Do You Ever Feel Like a Total Loser?

Summary of Do You Ever Feel Like a Total Loser?

by Treat Media and Glennon Doyle

1h 7mMay 19, 2026

Overview of Do You Ever Feel Like a Total Loser?

In this episode of We Can Do Hard Things, Glennon Doyle, Amanda Doyle, and Abby Wambach talk candidly about feeling like a “loser,” why that feeling often shows up during life transitions or comparison spirals, and how their default coping strategies can mask deeper emotions like fear, sadness, loneliness, and shame. The conversation moves from emotional regulation and self-awareness to competition, family roles, and relationship dynamics—especially the tension between being the “chooser” and the “follower.”

Main Themes and Takeaways

Feelings vs. stories

  • Amanda describes learning that her reactive states—especially anger—often cover a more vulnerable feeling underneath.
  • The group emphasizes that:
    • feelings are bodily experiences
    • stories and analysis can amplify them
    • a true feeling, when actually felt, tends to pass in about 90 seconds
  • Amanda shares a practical tool: when overwhelmed, she lies down, closes her eyes, and repeats “no words, no words, no words” to stop herself from turning the feeling into a story spiral.
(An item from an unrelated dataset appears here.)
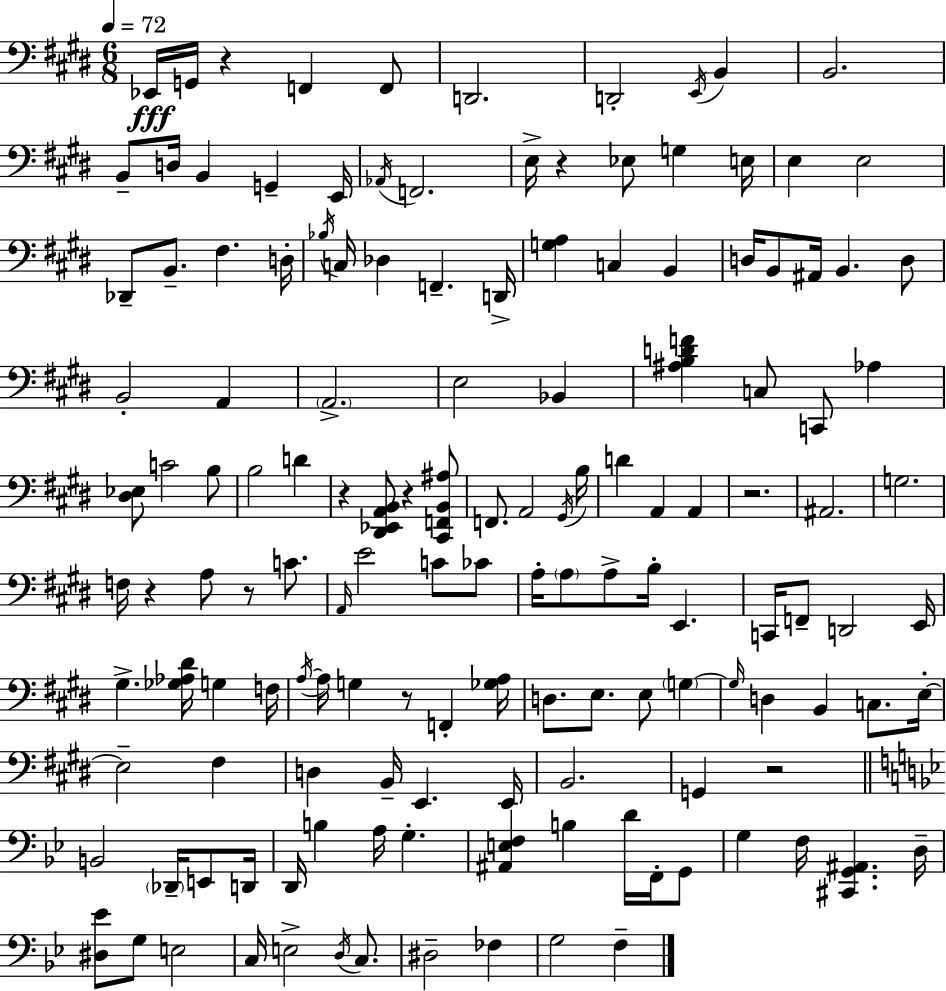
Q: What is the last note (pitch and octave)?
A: F3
Protective patterns: anger, food, fawning, control

  • Each host identifies a different survival response:
    • Amanda: anger as a safer expression than fear or sadness
    • Glennon: food/overriding emotions
    • Abby: fawning and people-pleasing, then resentment
  • Their point is that these are not character flaws; they are learned methods of staying safe.

“Loser” feelings often come from comparison and staleness

  • Abby admits feeling like a loser when life becomes repetitive, too home-bound, or disconnected from joy.
  • Glennon notes that social media can intensify this by making everyone else’s occasional outings look like constant, exciting living.
  • The antidote they suggest is not perfection, but inserting novelty, movement, and joy:
    • go somewhere
    • leave the house
    • try a new experience
    • reintroduce life-force activities

Competition can be survival-based

  • A listener asks Abby whether she is still competitive after retiring from soccer.
  • Abby says her competitiveness once felt like a survival technique, not just a personality trait.
  • She explains that she can still enjoy competition, but her worth is no longer tied to winning.
  • A key insight: too much competitiveness can create tunnel vision, making it harder to see creative alternatives or collaborative solutions.

Relationships: chooser vs. follower

  • The hosts explore how couples can fall into a dynamic where one person becomes the “chooser” and the other the “follower.”
  • This can lead to:
    • one partner controlling decisions to avoid disappointment
    • the other suppressing their own preferences
    • resentment and loss of self-trust
  • They emphasize that both partners need room to lead, surprise, and be surprised.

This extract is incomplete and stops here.